The biography had to be short because there is not much info available on Molly Brown. Still, the author did a fantastic job, I think, of fleshing out the life of this lively woman.
She starts with her childhood in Hannibal, Missouri and takes us to her death 65 years later. And from the pages covering those 65 years a picture emerges of a woman who loved life and enjoyed the spotlight and who was undaunted by things that would have put other women in her day out of commission. Molly Brown earned the title “unsinkable” because she bounced back. That much is clear about her.
There is much to love about this book. The prose and poetry is very nicely done. The layout of the text and pictures are lovely. The illustrations are vivid and full of treasures and all evoke emotion. I LOVED the illustrations.
The story is laid out with dates at the top, moving us through Molly’s life. It was all organized well.
What I loved less about this book was the fact that I couldn’t find a strong theme. We start out with a fun-loving girl, a brave girl, a girl who sets out on a dangerous journey in search of silver and we end up with a woman alone, abandoned by her husband and remembering happier days, and yet we are told “Molly had had all she wanted out of life: had fun, been rich, done good.”
All she wanted out of life hadn’t satisfied her, I don’t think. I wonder if she ended up with the preacher saying, “Vanity, vanity, it’s all a chasing after the wind.”
Because she apparently drove her husband away and sent her children to boarding school and then left to travel around the world.
So we see a pattern in her life—she leaves her family chasing big dreams and she continues to chase happiness all her life. It is never apparent that she finds it. So she had had fun, been rich, and done good. And I guess the author couldn’t say much more about it than that because there is very little known about the woman.
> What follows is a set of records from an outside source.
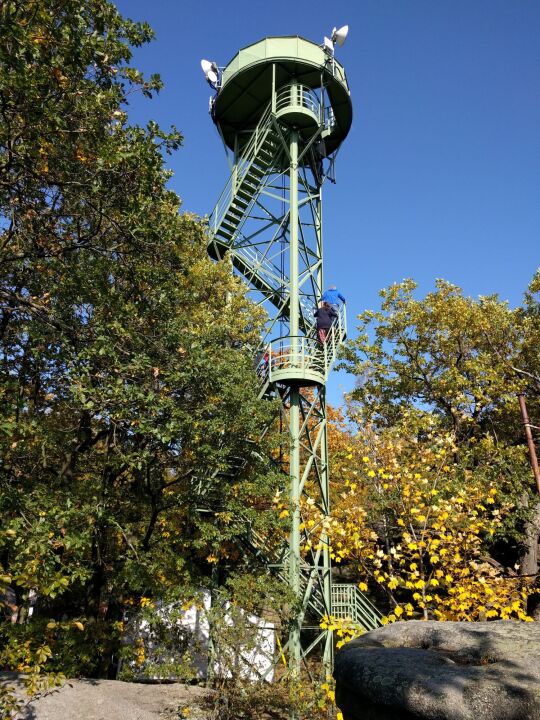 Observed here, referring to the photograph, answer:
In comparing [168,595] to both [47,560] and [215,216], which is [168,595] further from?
[215,216]

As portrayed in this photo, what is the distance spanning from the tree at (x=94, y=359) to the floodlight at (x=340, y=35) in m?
9.55

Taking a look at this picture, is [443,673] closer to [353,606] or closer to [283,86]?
[353,606]

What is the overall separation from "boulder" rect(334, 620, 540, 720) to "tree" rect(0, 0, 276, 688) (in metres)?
3.21

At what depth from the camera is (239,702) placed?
31.3 ft

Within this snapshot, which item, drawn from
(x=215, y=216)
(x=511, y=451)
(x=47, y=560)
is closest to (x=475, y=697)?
(x=47, y=560)

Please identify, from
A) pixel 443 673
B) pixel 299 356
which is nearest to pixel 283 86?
pixel 299 356

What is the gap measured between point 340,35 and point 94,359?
15.7 meters

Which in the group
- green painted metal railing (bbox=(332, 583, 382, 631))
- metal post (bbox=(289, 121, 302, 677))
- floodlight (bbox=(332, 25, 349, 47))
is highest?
floodlight (bbox=(332, 25, 349, 47))

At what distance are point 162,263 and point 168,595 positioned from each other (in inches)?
266

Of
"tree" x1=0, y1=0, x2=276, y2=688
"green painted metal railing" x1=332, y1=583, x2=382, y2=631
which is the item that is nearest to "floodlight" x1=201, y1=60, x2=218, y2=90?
"tree" x1=0, y1=0, x2=276, y2=688

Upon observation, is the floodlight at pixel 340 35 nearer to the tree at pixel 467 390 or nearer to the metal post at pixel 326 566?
the tree at pixel 467 390

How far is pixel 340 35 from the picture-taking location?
17.6 meters

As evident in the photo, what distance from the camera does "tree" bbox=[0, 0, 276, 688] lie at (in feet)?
A: 20.3

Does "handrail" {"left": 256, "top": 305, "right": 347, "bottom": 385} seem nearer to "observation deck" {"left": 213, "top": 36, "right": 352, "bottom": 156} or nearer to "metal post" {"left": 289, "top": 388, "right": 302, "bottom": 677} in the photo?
"metal post" {"left": 289, "top": 388, "right": 302, "bottom": 677} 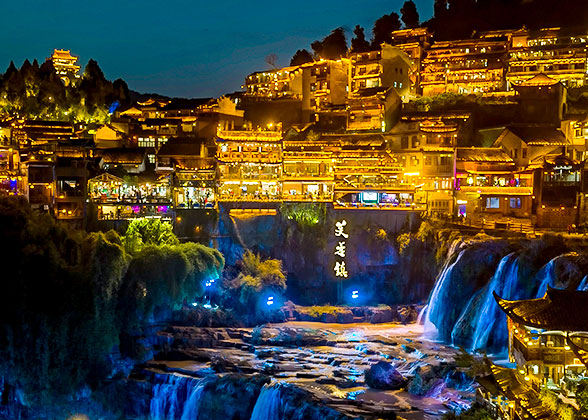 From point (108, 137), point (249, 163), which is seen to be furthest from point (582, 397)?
point (108, 137)

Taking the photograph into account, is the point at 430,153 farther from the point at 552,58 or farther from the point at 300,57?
the point at 300,57

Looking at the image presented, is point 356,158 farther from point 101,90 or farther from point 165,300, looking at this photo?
point 101,90

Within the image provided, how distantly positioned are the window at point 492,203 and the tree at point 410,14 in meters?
36.9

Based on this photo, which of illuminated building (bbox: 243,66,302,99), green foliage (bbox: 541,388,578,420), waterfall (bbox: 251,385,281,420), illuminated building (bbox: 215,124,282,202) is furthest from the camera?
illuminated building (bbox: 243,66,302,99)

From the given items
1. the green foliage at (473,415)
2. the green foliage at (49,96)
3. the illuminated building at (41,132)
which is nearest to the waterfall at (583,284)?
the green foliage at (473,415)

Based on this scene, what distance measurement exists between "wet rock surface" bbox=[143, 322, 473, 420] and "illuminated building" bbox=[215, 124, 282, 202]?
12799 mm

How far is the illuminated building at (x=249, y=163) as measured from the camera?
46062 mm

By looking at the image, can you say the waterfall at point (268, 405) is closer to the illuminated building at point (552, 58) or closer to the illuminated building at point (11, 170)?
the illuminated building at point (11, 170)

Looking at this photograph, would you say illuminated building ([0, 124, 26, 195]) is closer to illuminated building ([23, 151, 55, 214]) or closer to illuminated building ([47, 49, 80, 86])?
illuminated building ([23, 151, 55, 214])

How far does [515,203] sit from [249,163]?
56.6ft

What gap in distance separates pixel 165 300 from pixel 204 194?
1556cm

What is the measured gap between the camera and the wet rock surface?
2447 centimetres

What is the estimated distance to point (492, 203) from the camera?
139ft

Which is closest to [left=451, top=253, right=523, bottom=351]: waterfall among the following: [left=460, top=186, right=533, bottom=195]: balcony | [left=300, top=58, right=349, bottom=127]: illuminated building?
[left=460, top=186, right=533, bottom=195]: balcony
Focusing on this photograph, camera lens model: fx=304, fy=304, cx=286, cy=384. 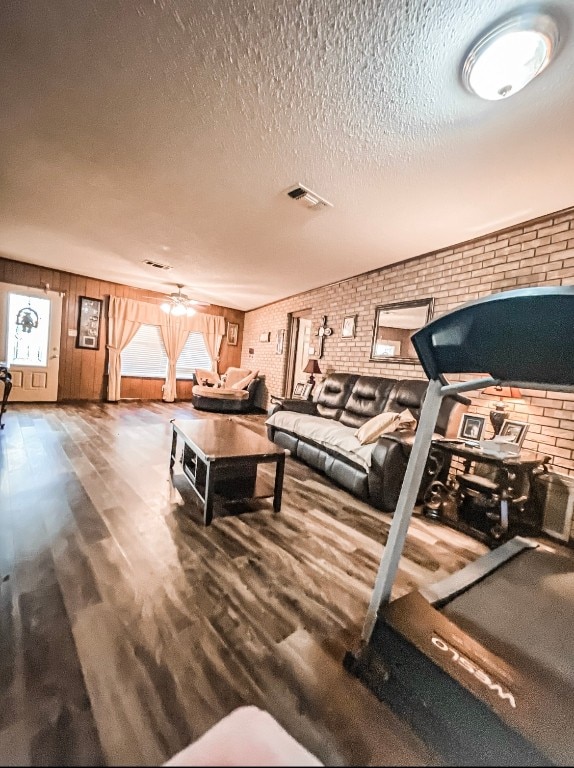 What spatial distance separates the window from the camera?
6.34 metres

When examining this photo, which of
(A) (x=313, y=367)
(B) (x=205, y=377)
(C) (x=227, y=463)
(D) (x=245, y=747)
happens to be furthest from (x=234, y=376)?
(D) (x=245, y=747)

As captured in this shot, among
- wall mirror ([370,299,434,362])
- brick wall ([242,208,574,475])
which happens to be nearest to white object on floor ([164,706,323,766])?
brick wall ([242,208,574,475])

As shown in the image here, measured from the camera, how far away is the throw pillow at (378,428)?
250 cm

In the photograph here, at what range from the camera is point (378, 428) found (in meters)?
2.52

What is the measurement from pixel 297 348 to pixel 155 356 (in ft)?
10.3

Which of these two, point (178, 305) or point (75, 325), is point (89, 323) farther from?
point (178, 305)

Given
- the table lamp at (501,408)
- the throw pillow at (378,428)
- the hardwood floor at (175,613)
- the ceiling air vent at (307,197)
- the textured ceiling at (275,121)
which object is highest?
the textured ceiling at (275,121)

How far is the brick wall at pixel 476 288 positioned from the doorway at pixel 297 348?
0.70 metres

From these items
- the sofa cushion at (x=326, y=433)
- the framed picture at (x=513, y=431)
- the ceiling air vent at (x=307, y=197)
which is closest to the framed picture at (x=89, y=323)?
the sofa cushion at (x=326, y=433)

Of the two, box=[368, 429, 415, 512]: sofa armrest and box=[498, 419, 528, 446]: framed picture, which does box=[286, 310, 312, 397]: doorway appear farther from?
box=[498, 419, 528, 446]: framed picture

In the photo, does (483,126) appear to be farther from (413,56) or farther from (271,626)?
(271,626)

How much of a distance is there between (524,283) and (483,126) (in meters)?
1.40

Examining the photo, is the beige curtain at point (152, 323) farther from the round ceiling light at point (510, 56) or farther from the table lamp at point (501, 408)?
the round ceiling light at point (510, 56)

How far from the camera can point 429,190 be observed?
2.15 m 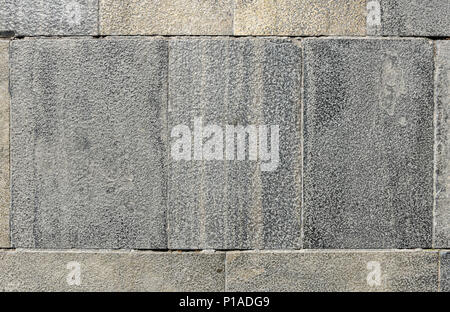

But I’m guessing she died a sad, lonely woman. There is no mention of her children in her latter days. I find that sad.
And I wonder if children, reading this book will come away believing that fun, money, and good deeds give us fulfilled lives or if they will see that family is more important than fun and money and even, yes, more important than good deeds to strangers. Charity, after all, begins at home.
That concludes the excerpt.